В 12 часов мы выехали из Коммерси. Дорога шла сначала через прекрасный лиственный лес, состоявший между прочим и из кустарника и изобиловавший плющом и всевозможными ползучими и вьющимися растениями, что все вместе образовывало почти непроходимую чащу, в которой превосходно могли скрываться вольные стрелки; потом перед нами развернулась открытая местность. Почва, кажется, здесь недостаточно плодородна, потому что зерновой хлеб, попадавшийся нам на глаза, например овес, был очень плох. Дорогою мы несколько раз нагоняли колонны войск и проезжали мимо лагерей. Меры предосторожности, о которых за день перед тем говорил шеф, были приняты.
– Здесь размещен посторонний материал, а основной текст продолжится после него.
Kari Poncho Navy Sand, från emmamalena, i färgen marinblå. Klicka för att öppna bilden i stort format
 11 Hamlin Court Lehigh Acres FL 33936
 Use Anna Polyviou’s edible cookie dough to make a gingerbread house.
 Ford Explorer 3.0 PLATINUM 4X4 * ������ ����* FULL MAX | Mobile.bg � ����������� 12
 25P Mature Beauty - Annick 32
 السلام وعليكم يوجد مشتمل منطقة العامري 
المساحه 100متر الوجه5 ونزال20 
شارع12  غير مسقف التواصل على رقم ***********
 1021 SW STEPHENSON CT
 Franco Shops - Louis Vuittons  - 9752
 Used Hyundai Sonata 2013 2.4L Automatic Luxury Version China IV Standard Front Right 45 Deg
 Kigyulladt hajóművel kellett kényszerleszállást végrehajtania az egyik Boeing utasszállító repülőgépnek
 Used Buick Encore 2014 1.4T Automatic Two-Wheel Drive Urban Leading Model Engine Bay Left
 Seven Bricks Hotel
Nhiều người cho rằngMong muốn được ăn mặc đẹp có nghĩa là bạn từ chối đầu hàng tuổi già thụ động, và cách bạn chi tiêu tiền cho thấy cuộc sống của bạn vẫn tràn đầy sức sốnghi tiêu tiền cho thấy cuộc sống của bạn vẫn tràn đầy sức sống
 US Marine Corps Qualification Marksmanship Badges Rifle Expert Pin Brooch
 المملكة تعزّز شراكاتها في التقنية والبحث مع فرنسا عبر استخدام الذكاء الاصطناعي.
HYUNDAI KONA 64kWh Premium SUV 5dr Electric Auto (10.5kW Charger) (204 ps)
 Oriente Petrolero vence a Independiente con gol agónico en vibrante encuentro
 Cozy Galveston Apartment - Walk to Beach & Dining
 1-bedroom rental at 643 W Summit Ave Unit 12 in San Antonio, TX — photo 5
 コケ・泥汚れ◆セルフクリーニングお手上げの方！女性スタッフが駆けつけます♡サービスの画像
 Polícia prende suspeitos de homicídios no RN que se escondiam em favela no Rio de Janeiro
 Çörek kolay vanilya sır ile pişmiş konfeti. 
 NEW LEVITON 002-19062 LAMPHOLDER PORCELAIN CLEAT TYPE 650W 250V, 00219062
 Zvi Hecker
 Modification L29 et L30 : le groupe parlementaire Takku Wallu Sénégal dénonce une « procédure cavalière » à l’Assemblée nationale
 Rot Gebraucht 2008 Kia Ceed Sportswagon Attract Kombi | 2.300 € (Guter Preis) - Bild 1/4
Впереди нас был авангард, возле нас – телохранители, которые резко отличались от армейских полков, от белых, красных и синих гусар, саксонских и прусских драгунов и от всех прочих. Карета канцлера следовала тотчас за каретой короля. Долго не попадалась нам ни одна деревня. Потом мы проехали мимо Сент-Обена, и вслед за тем выбрались на шоссе, и очутились возле милевого камня, на котором значилось: «Париж 241 километр».